| What to do |
Among the entries below, one line contains "Modern two-story house" and another contains "Kitchen with a". Transcribe those two lines and every line between them, exactly.
Segment Start: Provided records
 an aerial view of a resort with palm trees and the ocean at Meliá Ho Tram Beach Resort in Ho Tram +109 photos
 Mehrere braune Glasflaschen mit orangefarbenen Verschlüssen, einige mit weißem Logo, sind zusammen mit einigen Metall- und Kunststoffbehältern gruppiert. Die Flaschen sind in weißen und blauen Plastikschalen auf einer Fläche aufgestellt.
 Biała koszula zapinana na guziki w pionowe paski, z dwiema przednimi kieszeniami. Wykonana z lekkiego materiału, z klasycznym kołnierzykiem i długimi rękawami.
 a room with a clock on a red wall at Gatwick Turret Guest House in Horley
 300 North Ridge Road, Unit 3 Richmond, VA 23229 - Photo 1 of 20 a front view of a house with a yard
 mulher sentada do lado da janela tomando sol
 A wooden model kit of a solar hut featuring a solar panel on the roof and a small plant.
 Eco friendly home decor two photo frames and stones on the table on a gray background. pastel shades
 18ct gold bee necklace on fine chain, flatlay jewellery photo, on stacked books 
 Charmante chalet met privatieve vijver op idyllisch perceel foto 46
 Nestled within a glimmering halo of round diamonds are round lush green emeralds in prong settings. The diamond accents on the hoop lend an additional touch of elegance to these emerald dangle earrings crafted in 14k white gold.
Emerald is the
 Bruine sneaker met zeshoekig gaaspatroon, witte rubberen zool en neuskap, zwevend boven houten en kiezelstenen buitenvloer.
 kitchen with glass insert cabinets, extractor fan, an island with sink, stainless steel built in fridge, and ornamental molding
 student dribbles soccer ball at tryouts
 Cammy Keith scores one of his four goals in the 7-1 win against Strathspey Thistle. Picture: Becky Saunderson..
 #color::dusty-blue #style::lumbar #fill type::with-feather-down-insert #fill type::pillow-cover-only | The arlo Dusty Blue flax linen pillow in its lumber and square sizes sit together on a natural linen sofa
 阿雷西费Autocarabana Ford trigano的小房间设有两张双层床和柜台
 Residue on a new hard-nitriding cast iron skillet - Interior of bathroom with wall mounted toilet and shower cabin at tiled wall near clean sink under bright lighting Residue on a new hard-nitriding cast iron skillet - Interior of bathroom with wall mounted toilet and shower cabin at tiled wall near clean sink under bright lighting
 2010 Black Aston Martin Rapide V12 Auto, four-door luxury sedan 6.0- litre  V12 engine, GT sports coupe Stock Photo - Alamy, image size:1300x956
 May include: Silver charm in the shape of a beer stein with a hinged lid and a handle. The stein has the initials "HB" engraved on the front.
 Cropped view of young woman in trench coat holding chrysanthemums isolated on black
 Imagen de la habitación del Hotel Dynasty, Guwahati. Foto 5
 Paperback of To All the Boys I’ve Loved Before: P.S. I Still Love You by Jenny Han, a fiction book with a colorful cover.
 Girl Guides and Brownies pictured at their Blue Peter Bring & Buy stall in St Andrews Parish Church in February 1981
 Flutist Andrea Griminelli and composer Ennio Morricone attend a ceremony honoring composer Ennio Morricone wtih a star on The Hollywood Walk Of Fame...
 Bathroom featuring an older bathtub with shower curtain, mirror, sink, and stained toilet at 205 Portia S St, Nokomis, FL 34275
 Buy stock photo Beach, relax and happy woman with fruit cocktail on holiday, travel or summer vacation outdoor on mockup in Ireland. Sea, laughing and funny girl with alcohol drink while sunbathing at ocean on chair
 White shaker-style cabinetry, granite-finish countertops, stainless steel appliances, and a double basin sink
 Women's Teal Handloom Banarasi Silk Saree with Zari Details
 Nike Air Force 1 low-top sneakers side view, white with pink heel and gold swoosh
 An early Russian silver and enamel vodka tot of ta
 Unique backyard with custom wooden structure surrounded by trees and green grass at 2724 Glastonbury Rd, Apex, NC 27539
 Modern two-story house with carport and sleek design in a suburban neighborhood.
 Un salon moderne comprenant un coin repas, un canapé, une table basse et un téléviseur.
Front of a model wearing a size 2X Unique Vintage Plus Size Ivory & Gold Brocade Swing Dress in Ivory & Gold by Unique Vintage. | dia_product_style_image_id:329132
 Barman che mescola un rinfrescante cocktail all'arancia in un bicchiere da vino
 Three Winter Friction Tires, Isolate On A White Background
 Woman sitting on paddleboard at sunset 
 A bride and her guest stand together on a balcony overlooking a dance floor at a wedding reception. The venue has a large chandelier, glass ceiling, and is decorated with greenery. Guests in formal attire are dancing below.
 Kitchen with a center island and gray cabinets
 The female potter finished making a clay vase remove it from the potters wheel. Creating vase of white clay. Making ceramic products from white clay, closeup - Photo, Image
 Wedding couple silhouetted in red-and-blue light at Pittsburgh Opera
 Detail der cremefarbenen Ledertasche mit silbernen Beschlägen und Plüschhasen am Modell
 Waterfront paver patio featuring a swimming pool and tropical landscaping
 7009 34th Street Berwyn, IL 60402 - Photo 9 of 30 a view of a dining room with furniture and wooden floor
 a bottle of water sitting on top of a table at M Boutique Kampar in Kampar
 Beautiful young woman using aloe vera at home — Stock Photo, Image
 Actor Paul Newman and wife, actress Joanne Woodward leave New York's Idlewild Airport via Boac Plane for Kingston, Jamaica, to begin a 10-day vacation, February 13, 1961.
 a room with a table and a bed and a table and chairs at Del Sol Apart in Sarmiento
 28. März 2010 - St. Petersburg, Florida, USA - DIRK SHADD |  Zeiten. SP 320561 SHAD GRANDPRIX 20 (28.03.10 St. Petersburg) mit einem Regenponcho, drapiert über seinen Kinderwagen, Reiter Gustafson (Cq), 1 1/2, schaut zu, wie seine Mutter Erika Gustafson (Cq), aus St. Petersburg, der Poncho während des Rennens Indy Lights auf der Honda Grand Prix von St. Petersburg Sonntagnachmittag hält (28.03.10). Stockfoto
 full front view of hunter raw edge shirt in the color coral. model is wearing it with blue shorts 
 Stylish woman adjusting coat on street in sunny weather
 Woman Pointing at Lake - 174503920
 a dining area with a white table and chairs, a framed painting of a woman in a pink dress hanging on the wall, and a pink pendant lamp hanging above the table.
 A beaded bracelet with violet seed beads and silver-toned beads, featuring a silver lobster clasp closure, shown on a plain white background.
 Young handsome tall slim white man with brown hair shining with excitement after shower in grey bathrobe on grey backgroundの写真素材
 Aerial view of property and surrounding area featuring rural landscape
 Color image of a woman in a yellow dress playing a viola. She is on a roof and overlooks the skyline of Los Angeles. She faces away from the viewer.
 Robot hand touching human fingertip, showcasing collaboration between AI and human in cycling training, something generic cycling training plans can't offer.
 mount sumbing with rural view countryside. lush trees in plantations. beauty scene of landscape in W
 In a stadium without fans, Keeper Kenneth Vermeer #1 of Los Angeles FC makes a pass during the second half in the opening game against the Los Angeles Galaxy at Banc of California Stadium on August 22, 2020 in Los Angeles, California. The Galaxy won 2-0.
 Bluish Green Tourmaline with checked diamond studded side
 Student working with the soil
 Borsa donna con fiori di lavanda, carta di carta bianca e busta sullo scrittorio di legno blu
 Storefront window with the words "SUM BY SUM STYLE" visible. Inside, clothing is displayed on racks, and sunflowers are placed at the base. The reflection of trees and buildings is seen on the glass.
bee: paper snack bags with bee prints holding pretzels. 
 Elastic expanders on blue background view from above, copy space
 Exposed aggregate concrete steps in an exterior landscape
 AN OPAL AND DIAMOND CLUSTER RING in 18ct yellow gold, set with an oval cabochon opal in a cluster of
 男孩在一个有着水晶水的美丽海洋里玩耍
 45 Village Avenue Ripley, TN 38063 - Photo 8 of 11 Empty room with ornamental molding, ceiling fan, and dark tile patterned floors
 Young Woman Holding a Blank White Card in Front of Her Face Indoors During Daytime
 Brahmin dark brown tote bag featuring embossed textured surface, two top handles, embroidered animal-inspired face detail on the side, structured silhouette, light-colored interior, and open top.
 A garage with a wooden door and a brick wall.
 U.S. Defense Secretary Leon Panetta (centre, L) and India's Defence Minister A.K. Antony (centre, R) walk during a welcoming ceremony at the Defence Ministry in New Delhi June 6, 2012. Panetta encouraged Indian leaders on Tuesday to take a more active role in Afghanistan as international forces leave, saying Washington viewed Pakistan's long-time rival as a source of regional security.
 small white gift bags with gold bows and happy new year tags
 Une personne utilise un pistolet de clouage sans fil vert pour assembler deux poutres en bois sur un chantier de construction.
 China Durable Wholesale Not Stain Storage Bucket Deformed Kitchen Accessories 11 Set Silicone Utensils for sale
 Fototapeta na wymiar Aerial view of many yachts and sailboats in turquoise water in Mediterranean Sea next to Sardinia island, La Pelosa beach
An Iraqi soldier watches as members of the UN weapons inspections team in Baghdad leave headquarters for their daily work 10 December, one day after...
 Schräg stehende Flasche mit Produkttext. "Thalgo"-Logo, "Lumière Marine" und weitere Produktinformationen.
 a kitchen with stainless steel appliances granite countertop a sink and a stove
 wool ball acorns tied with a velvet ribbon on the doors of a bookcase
Segment End: Provided records
| Answer section |
 Modern two-story house with carport and sleek design in a suburban neighborhood.
 Un salon moderne comprenant un coin repas, un canapé, une table basse et un téléviseur.
Front of a model wearing a size 2X Unique Vintage Plus Size Ivory & Gold Brocade Swing Dress in Ivory & Gold by Unique Vintage. | dia_product_style_image_id:329132
 Barman che mescola un rinfrescante cocktail all'arancia in un bicchiere da vino
 Three Winter Friction Tires, Isolate On A White Background
 Woman sitting on paddleboard at sunset 
 A bride and her guest stand together on a balcony overlooking a dance floor at a wedding reception. The venue has a large chandelier, glass ceiling, and is decorated with greenery. Guests in formal attire are dancing below.
 Kitchen with a center island and gray cabinets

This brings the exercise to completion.